The organisation behind the Brit Awards, the BPI, has a habit of portraying the Brits as a lovable but wayward pubescent. In the weeks before the show (next year's will be held on February 14) it always issues statements claiming that the Brits are synonymous with unscripted craziness - you just never know what will happen at the so-called music industry Oscars! Remember Jarvis v Jackson? Remember when implacable political opponents Danbert Nobacon of Chumbawamba and John Prescott came face to face, and Nobacon did what any self-respecting anarchist would do? Must-see television, miss at your peril, etc.
It's all a smokescreen to obscure the fact that the Brits haven't gone off-piste in years. Nobody has so much as lobbed a vol au vent at host Chris Evans, let alone properly misbehaved. Not even the Kaiser Chiefs, who won three awards this year - so much for predicting a riot. And the Brits' other supposed big draw, one-off performances by unlikely duos, has become a stunt whose weakness was epitomised in 2006 by the pairing up of - wait for it - Daniel and Natasha Bedingfield.

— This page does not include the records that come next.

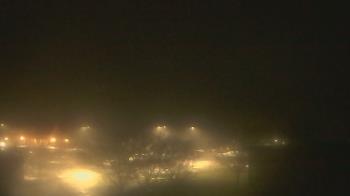 Weather camera view of Stillwater Central High School.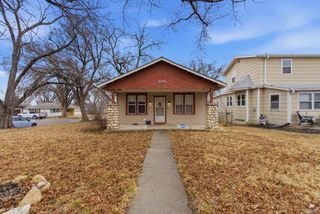 409 S Madison Street, Junction City, KS 66441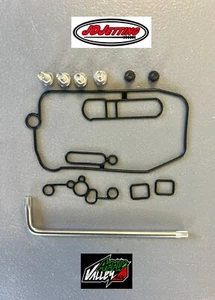 Mid Body Gasket Kit Keihin FCR-MX JD Jetting JDKH56 YZ WR RM-Z SX-F XC-F CRF - Afbeelding 1 van 3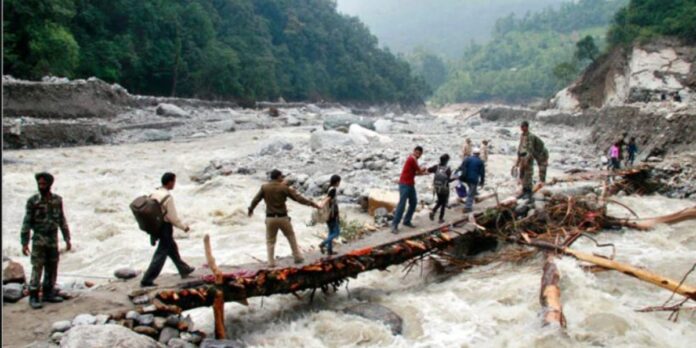 uttarakhand floods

Viewers' indifference was reflected in the ratings, which dropped to 4.6 million this year, despite performances by Coldplay and Kanye West. Part of the blame can be pinned on the surfeit of competing music awards programmes, from the NMEs to the Mobos. But the real problem for the Brits is the perception that they're stodgy and corporate. They can hardly deny it, given that their website is titled 'the Brit Awards with MasterCard'.The BPI's response was to announce yesterday that the 2007 awards would be the first in 20 years to be broadcast live. Viewers will see it as it happens, rather than an edited version 24-hours later, and you just know the organisers are praying that some pop star (James Blunt?) will be headbutted by another (a Sugababe, with the will of the entire nation behind her?) right on stage.

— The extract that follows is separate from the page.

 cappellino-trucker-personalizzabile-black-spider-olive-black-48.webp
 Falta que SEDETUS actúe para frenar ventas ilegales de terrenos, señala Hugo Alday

But it's just not going to happen. The people who win Brits these days aren't the applecart-upsetting type. If only Coldplay or Keane DID act up now and then. Keane, who won in 2005 and could win again in 2007, may have trouble in their ranks at the moment, with their frontman Tom Chaplin admitting to a drink and drugs problem, but they're not going to trash Earl's Court. The indignation that inspired Jarvis Cocker and Nobacon simply doesn't fire up the current batch of stars, who also seem to lack the appetite for comedy confrontations such as the off-stage row between So Solid Crew and Westlife a few years ago.
If the BPI wants fireworks, it'll have to resort to nominating alleged enemies Charlotte Church and Girls Aloud - but there's a problem there, too. The pop category has just been dropped (along with rock and urban), apparently because of the dearth of viable candidates. So who's going to supply the big "moment" now?